It's not just men — my sisters, you disappoint me — but it's particularly entertaining when the reprimands come from young white men who were still braying for their blankies when I started getting paid to give my opinion. They popped out special, I guess.

I became a columnist in the fall of 2002. Immediately, I found myself on the receiving end of right-wing vitriol so vile it made "The Sopranos" cuddly by comparison. My first death threats came within weeks, after I wrote that the Confederate flag should be retired. After I supported stronger gun control measures, an NRA zealot posted on a gun blog what he thought was my home address and identified me as "unarmed." I was a single mother at the time. I bought new locks and kept writing.

But by all means, do tell me what I don't understand about being a progressive.

First, though, let me tell you what you clearly don't understand about me — I almost added, "and women like me," but that would be presuming to speak for other women, which would make me sound just like you.

I am a 58-year-old wife, mother and grandmother, who first knew I was a feminist at 17. I was a waitress at a family restaurant and a local banker thought he could stick his hand up my skirt because my hands were full of dinner. In the time it took me to deposit that steaming pile of pasta onto his lap, I realized I was never going to be that girl.

Like so many other women, I soon learned that knowing who you are is no small victory, but making it clear to the rest of the world is one of the hardest and longest nonpaying jobs a woman will ever have. I'll spare you my personal list of jobs with unequal pay and unwelcome advances. No good comes from leading with our injuries.

It helped — it still helps — that my working-class parents raised me to be ready for the fight. My father was a union utility worker, my mother a nurse's aide. Both of them died in their 60s, living just long enough to see all of their children graduate from college and start their lives. I've said many times that my parents did the kind of work that wore their bodies out so that we would never have to.

That, too, is my legacy.

But, please, tell me again how I don't know what it means to be a progressive.

Last month, I started teaching journalism at Kent State University. One of the first things I did was to lug to my office the large metal sign that used to hang over the tool shed at my father's plant. "THE BEST SAFETY DEVICE IS A CAREFUL MAN," it reads. Nice try, management.

I'm stickin' with the union, Woody Guthrie sang.

Every time I walk into my office, that sign is the first thing I see. Remember, it whispers.

What does any of this have to do with why I admire Hillary Clinton? Nothing. But it has everything to do with why I don't need any lecture from somebody who thinks he or she is going to tell me who I am because I do.

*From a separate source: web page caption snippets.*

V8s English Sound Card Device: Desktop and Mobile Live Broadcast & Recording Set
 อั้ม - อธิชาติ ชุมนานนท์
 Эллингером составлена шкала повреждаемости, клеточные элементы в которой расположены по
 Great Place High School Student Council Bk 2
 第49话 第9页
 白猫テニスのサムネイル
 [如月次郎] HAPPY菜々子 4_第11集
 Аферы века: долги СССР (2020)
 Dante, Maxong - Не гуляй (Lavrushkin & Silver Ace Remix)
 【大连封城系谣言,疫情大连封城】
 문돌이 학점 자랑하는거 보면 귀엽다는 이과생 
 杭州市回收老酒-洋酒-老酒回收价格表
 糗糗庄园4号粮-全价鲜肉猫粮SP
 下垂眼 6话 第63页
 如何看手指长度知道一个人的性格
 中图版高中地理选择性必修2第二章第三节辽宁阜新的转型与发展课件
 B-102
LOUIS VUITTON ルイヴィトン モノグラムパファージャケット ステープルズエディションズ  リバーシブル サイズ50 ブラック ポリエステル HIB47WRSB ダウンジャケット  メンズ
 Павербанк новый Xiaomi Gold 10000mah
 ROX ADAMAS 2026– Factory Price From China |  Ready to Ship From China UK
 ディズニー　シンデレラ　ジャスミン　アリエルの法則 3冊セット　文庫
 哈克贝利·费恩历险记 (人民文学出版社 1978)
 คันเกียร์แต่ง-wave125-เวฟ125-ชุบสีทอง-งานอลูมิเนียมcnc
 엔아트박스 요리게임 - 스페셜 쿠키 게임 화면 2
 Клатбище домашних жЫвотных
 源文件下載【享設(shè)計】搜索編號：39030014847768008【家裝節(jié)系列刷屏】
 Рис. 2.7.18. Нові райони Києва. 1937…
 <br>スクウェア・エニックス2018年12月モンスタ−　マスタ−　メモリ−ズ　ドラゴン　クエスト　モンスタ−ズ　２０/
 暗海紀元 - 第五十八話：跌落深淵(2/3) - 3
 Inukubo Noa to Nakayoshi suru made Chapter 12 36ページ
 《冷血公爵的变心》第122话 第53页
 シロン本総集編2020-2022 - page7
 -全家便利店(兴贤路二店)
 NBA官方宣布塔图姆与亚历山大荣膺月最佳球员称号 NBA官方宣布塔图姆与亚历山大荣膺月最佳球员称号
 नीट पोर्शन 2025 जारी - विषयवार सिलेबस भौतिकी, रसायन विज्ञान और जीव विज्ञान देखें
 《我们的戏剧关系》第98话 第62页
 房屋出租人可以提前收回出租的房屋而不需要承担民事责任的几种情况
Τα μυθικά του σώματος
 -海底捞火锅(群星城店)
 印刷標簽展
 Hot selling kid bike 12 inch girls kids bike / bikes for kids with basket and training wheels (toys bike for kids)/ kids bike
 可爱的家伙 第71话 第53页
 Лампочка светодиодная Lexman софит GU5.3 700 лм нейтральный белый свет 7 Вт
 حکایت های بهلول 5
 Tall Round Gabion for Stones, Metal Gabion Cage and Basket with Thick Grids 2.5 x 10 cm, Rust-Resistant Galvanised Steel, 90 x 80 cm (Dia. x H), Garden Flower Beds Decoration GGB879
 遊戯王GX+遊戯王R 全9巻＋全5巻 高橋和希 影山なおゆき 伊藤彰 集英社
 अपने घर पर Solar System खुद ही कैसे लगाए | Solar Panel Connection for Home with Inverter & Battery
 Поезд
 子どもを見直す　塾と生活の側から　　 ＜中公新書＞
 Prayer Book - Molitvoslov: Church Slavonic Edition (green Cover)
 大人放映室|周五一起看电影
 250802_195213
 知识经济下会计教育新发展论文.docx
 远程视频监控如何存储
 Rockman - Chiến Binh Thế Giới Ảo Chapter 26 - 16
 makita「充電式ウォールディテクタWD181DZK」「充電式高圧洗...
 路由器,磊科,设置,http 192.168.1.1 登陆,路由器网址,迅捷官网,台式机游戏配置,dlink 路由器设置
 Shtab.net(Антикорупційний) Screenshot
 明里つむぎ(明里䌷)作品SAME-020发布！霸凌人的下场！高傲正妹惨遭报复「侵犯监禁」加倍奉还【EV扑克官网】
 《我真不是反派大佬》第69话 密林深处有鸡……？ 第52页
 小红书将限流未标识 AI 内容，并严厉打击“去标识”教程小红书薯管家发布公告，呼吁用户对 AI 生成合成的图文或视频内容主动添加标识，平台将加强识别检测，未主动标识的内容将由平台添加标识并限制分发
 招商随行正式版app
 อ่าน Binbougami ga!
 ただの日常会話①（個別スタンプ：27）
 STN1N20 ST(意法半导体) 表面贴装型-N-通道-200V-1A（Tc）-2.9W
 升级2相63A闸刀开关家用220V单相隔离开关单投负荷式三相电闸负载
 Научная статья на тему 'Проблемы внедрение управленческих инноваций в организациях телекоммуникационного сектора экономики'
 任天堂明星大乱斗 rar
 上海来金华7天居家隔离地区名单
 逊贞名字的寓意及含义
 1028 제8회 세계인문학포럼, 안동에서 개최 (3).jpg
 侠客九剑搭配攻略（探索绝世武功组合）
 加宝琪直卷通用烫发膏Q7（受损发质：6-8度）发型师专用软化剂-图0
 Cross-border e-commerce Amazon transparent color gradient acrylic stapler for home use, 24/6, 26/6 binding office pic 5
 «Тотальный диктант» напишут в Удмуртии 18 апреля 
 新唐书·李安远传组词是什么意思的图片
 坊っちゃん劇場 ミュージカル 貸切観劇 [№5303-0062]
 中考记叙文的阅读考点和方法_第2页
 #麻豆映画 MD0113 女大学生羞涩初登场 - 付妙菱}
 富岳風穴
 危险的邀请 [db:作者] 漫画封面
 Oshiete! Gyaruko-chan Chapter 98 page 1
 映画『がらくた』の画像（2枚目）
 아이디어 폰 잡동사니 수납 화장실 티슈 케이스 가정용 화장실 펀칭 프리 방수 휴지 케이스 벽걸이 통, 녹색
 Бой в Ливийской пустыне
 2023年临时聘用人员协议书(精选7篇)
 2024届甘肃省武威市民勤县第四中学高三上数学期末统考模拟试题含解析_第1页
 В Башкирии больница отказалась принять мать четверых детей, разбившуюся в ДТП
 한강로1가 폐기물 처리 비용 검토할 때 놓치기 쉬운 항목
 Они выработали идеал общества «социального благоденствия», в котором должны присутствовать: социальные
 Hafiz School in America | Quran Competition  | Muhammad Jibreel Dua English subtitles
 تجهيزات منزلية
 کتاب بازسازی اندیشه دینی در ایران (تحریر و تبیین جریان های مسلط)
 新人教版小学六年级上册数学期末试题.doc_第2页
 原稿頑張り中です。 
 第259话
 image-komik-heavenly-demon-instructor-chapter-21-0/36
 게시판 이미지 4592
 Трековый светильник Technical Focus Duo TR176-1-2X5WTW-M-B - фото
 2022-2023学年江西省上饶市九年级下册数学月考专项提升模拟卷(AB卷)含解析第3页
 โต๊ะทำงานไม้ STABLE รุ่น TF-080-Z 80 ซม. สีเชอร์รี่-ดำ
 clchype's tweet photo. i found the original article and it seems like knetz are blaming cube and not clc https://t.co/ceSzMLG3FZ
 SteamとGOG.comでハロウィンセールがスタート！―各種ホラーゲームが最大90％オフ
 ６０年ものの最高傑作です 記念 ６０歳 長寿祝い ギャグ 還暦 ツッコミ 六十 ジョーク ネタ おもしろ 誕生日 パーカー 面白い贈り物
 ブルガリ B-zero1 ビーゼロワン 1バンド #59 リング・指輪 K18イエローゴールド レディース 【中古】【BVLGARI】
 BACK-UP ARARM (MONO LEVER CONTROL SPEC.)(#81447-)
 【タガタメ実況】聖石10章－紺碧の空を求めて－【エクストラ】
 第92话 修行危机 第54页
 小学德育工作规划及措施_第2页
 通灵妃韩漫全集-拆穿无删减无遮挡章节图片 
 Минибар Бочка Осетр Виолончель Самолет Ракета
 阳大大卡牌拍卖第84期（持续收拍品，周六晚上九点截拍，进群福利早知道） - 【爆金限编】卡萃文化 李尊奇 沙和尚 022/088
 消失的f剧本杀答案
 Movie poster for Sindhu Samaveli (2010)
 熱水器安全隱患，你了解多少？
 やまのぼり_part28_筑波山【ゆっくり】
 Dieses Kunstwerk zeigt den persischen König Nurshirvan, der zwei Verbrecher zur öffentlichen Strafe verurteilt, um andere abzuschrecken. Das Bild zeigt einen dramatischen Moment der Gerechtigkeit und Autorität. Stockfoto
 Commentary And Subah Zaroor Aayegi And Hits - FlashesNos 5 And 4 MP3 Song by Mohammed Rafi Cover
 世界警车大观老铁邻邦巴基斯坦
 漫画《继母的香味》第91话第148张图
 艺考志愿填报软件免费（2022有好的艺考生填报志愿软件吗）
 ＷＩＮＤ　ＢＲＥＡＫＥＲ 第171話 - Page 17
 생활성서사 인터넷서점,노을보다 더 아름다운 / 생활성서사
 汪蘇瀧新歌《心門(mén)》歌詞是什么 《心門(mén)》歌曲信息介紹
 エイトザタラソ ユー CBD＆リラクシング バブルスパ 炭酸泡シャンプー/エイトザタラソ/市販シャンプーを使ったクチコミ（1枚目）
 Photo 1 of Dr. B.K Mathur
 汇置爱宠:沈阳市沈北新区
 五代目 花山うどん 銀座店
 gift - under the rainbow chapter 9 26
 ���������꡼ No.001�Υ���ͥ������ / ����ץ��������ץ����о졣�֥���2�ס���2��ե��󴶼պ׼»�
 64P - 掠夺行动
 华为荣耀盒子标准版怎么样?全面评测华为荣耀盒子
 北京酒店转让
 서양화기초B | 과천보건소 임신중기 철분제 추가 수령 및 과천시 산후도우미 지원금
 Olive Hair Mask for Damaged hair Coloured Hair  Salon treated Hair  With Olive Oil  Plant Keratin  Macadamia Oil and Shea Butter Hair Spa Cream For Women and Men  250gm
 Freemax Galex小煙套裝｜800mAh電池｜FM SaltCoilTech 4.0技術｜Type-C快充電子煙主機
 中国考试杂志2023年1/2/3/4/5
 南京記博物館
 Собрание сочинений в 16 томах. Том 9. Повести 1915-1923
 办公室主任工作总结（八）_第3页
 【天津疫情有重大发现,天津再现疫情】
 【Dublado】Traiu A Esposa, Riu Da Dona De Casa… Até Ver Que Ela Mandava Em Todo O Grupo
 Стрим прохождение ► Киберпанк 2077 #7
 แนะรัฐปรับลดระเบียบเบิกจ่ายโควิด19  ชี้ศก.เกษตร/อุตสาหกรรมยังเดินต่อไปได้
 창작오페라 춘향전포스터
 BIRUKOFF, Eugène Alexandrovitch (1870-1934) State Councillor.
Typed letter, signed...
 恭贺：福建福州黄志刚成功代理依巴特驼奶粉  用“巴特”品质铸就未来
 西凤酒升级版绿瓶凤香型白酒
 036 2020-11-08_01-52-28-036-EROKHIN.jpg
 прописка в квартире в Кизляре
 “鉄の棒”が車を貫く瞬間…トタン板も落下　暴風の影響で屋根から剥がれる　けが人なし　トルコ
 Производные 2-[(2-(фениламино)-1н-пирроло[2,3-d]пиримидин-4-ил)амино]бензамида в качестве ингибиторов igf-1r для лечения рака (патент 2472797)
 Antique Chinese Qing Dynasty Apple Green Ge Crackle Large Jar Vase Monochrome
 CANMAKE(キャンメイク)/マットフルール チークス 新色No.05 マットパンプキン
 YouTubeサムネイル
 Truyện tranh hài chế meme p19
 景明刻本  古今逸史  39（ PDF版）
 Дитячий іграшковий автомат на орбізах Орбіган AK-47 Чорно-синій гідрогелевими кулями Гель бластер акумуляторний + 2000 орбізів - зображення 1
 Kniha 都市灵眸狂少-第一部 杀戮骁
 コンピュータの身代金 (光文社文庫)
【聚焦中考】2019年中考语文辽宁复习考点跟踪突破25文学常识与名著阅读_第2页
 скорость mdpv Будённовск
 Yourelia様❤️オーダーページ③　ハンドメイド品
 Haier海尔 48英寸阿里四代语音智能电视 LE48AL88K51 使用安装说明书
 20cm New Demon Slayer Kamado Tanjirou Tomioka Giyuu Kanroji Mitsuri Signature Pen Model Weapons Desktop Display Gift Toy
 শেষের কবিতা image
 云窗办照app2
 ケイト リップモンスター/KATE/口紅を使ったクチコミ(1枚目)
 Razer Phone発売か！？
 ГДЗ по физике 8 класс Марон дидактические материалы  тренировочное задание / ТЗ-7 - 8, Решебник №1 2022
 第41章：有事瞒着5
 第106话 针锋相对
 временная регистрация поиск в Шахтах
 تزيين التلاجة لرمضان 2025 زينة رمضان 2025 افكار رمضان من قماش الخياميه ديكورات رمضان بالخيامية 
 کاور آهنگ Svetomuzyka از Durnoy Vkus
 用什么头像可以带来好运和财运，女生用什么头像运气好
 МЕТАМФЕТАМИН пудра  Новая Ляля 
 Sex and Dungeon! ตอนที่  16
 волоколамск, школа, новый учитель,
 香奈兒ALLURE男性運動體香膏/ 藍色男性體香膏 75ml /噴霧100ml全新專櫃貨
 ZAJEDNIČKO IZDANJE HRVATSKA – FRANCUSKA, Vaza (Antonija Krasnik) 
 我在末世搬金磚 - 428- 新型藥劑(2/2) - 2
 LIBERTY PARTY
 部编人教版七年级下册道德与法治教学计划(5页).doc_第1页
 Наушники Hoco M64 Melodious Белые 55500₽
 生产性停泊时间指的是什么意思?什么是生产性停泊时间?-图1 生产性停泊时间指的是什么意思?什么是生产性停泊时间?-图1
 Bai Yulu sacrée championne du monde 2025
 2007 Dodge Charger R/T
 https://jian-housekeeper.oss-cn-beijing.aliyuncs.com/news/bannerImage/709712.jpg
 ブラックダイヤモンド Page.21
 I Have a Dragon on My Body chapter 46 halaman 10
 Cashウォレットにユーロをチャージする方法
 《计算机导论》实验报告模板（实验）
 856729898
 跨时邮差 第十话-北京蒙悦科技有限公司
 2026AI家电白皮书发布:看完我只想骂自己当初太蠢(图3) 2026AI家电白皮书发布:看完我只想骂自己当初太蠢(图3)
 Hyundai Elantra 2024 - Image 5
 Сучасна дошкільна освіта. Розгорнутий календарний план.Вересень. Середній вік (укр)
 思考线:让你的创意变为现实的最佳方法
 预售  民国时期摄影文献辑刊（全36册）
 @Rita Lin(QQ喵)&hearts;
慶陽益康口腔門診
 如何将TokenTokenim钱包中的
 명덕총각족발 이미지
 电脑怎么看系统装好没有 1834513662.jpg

One of the hallmarks of a progressive is a willingness to challenge a power structure that leaves too many people looking up and seeing the bottom of a boot. I want power for the people who don't have it. And for the rest of my conscious days, I will do my small part to help get it. I love it when detractors describe Clinton as too angry and not "warm and fuzzy" enough. I want a leader, not a Pooh Bear.

I don't want to diminish anyone who supports Bernie Sanders. I'm married to Sanders' colleague, Sen. Sherrod Brown, which is how I've gotten to know him over the last 10 years. He's a good man.

If you support Sanders in this Democratic presidential primary, I don't assume that you hate women.

See how that works?

But if you tell me that, should Sanders lose, you won't vote for Hillary Clinton, then stop calling yourself a liberal or a progressive or anything other than someone invested in just getting your way.

There is so much at stake here. The fight for women's reproductive rights is not a sporting event. Our cities are rife with racial tensions, and too few of us white Americans fail to see this as our problem, too. The Affordable Care Act is not enough, but it is the first fragile steps toward universal health care. It is already saving lives of people who had nothing — no health care, no safety net, nothing — before it passed.

Finally, the growing gulf between the obscenely privileged and everyone else is a reason to get out of bed every morning — if we care about the future of the people we are supposed to be fighting for.

If you would sacrifice those who need us most because you didn't get your way, then please, save me your lectures and get out of my way.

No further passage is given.